Thursday is a total rest day from physical activity. This is to get ready for the double long runs. They are not as easy as one may think.
However, Sunday and Tuesday is active recovery. This means I cross train. Sunday, I do a show at my church (at 2 different campuses) called "The Big Attic". Don't be deceived, this is about 3 hours of mayhem. By the time I am finished, I want to lay down and die!
Tuesdays (and Fridays after my pace run), I swim.
I have a love/hate relationship with swimming.I love the fact it is easy on my joints.
I love that it helps keep me loose.
I love the coolness of the pool that helps with recovery.
I love that it makes me stronger.
I love how it makes my arms look and helps me look like I have (at least) small guns.;-)
However, I have a small issue with swimming.I cannot breathe under water.
So when I get out of breath, it does not work well for me.
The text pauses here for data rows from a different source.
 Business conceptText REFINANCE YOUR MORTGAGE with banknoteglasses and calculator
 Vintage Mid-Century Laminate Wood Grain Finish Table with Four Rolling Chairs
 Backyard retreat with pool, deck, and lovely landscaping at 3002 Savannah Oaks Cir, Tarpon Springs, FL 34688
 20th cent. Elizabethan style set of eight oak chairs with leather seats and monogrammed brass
I'm really not good at swimming. Not kidding. Pregnant women and 85 year old men pass me. I timed my 100 yard swim the other day and it was around 2:30. That is embarrassing. I plod along, doing drills and such, to get around 2000 yards. Then I pull my tired and hungry body out of the water and smell of chlorine the rest of the day.
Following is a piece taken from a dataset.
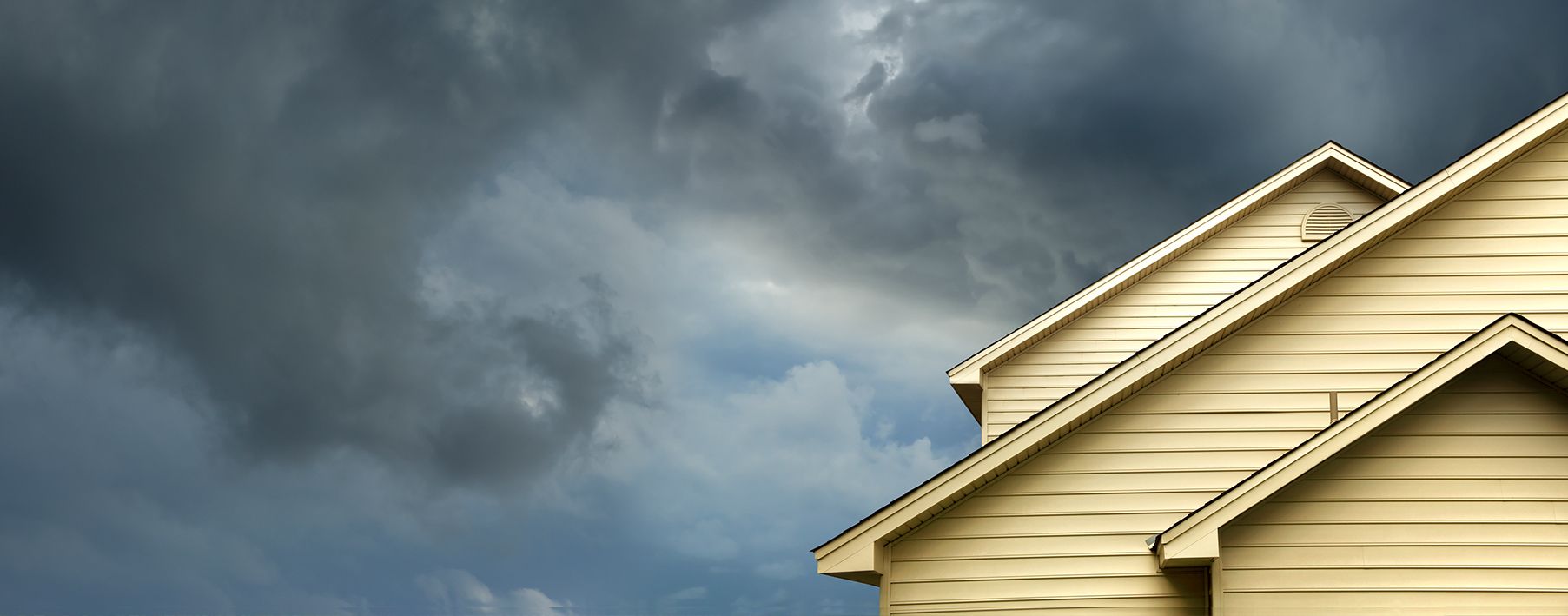 A storm coming in behind a yellow home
So what's the point?Well, about 2 weeks ago, I was doing my "fast" swimming and working on breathing on both sides. As I turned to my right and gulped down a huge amount of air, I had a few thoughts.
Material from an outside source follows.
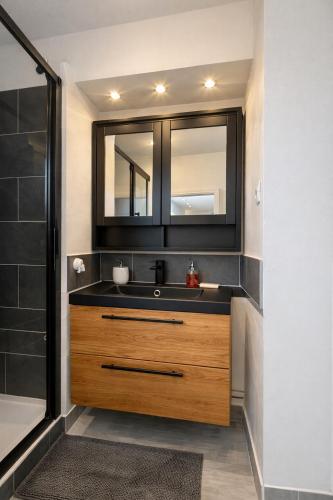 a bathroom with a sink and a mirror at Etrave in Toulon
First, I thought that I was going to die because I was not getting enough air at each breath.
Second, I thought about just standing up, quiting, and breathing.
Third, I thought about how much I needed this air and wanted it.
Fourth, I thought about this is how I need to want God.
I need to want God as much as I wanted the next breath of air. Is that how I long for Him?
The Bible talks about this in Psalm 42:1
As the deer pants for the water brooks,
So my soul pants for Thee, O GodThe picture in this Psalm is that of a deer longing for water in the midst of a prolonged drought.
But God had to show me physically what this verse means. So the picture in my life at that moment was me gasping for my next breath while swimming.
Needless to say, that has stuck with me. I think it is easy to say that we need God and want to have a relationship with Him. However, it is very difficult to really want Him like we want air. There are so many distractions. Distractions that don't matter.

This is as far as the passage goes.